▶ [YOUR GOAL]
The required result is the exact run of lines beginning at the one containing "Men's Double-Breasted Wool" and ending at the last line of the entries.

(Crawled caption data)
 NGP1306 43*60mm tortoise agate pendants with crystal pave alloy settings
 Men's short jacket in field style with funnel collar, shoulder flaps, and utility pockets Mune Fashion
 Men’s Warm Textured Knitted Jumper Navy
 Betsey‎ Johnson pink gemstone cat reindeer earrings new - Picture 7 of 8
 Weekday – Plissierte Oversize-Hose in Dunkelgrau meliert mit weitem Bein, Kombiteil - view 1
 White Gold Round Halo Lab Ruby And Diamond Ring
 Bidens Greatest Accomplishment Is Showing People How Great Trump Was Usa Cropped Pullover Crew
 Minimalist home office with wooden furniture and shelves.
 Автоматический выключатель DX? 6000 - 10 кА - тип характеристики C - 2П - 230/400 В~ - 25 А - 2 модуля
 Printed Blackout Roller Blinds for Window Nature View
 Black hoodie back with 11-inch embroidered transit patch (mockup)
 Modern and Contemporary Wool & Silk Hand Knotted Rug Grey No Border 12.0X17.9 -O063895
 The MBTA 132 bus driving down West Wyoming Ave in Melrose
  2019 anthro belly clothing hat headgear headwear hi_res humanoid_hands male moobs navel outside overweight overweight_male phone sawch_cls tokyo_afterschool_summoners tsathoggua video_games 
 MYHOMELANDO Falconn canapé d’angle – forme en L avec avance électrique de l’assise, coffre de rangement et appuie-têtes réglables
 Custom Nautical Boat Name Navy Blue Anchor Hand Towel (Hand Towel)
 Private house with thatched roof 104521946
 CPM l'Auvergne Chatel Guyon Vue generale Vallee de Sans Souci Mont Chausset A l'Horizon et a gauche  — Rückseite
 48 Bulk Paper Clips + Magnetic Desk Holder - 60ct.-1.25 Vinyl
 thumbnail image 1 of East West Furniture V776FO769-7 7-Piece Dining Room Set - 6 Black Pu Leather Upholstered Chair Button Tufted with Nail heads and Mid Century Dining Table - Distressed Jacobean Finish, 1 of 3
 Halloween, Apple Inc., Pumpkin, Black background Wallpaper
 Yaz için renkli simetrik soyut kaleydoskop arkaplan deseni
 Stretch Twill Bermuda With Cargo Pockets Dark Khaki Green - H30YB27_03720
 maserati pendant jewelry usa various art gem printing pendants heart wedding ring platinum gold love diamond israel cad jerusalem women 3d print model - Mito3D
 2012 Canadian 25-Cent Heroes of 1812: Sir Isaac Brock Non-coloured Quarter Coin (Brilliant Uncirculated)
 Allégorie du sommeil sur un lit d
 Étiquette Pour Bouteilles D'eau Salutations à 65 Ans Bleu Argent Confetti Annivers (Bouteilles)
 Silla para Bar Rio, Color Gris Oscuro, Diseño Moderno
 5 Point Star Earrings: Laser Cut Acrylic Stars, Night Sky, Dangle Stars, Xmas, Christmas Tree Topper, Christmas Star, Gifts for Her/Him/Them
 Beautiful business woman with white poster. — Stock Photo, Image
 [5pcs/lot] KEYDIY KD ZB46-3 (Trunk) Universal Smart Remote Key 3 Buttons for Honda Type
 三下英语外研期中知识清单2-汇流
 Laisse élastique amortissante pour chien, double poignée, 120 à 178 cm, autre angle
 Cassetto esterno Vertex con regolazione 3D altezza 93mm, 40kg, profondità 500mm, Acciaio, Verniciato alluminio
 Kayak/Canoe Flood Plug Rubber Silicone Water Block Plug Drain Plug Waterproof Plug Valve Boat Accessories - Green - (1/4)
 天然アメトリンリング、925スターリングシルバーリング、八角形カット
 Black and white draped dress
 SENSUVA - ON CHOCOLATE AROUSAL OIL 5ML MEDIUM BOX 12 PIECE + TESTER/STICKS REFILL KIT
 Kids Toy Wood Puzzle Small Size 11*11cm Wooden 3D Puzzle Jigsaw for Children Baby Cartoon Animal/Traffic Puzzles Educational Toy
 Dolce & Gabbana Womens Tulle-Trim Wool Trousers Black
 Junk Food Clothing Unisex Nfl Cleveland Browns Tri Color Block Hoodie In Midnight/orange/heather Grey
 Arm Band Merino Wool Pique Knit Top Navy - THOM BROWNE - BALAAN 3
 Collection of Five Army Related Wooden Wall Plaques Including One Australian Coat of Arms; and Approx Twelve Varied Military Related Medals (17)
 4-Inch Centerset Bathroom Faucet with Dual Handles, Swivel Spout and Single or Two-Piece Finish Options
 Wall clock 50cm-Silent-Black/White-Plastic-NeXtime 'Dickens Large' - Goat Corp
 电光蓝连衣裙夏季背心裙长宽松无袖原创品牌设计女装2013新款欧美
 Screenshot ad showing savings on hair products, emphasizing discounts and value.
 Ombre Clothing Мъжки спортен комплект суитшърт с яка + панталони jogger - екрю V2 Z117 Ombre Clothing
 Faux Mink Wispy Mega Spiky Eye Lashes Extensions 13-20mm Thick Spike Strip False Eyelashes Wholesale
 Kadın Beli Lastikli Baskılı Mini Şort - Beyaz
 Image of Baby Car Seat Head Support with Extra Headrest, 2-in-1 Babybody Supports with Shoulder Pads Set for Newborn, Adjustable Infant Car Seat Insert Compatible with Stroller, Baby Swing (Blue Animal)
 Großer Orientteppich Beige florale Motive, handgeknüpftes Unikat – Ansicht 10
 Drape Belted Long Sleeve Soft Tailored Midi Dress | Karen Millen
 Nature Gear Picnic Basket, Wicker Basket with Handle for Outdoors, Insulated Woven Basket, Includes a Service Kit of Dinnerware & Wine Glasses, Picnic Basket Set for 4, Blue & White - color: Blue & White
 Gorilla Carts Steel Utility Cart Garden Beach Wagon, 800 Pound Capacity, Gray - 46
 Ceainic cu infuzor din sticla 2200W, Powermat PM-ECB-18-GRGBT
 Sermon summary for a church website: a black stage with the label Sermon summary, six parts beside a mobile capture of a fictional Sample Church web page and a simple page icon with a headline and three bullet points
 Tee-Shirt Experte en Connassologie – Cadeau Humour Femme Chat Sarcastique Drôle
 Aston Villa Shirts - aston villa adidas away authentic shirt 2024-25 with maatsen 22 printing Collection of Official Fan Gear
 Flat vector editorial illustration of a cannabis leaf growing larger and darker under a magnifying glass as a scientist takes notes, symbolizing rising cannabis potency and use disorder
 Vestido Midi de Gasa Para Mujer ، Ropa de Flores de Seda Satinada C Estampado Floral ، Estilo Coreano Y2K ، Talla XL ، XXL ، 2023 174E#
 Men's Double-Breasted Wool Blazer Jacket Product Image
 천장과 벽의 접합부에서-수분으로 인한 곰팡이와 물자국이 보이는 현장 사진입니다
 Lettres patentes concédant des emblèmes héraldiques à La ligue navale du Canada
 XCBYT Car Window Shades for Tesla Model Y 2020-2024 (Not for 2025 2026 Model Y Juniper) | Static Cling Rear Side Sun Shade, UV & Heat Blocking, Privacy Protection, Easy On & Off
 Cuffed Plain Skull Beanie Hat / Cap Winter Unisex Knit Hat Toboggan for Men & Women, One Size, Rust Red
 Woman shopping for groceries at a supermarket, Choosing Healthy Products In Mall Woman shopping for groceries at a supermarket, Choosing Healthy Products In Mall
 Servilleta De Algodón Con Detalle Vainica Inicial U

▶ [ANSWER BELOW]
 Men's Double-Breasted Wool Blazer Jacket Product Image
 천장과 벽의 접합부에서-수분으로 인한 곰팡이와 물자국이 보이는 현장 사진입니다
 Lettres patentes concédant des emblèmes héraldiques à La ligue navale du Canada
 XCBYT Car Window Shades for Tesla Model Y 2020-2024 (Not for 2025 2026 Model Y Juniper) | Static Cling Rear Side Sun Shade, UV & Heat Blocking, Privacy Protection, Easy On & Off
 Cuffed Plain Skull Beanie Hat / Cap Winter Unisex Knit Hat Toboggan for Men & Women, One Size, Rust Red
 Woman shopping for groceries at a supermarket, Choosing Healthy Products In Mall Woman shopping for groceries at a supermarket, Choosing Healthy Products In Mall
 Servilleta De Algodón Con Detalle Vainica Inicial U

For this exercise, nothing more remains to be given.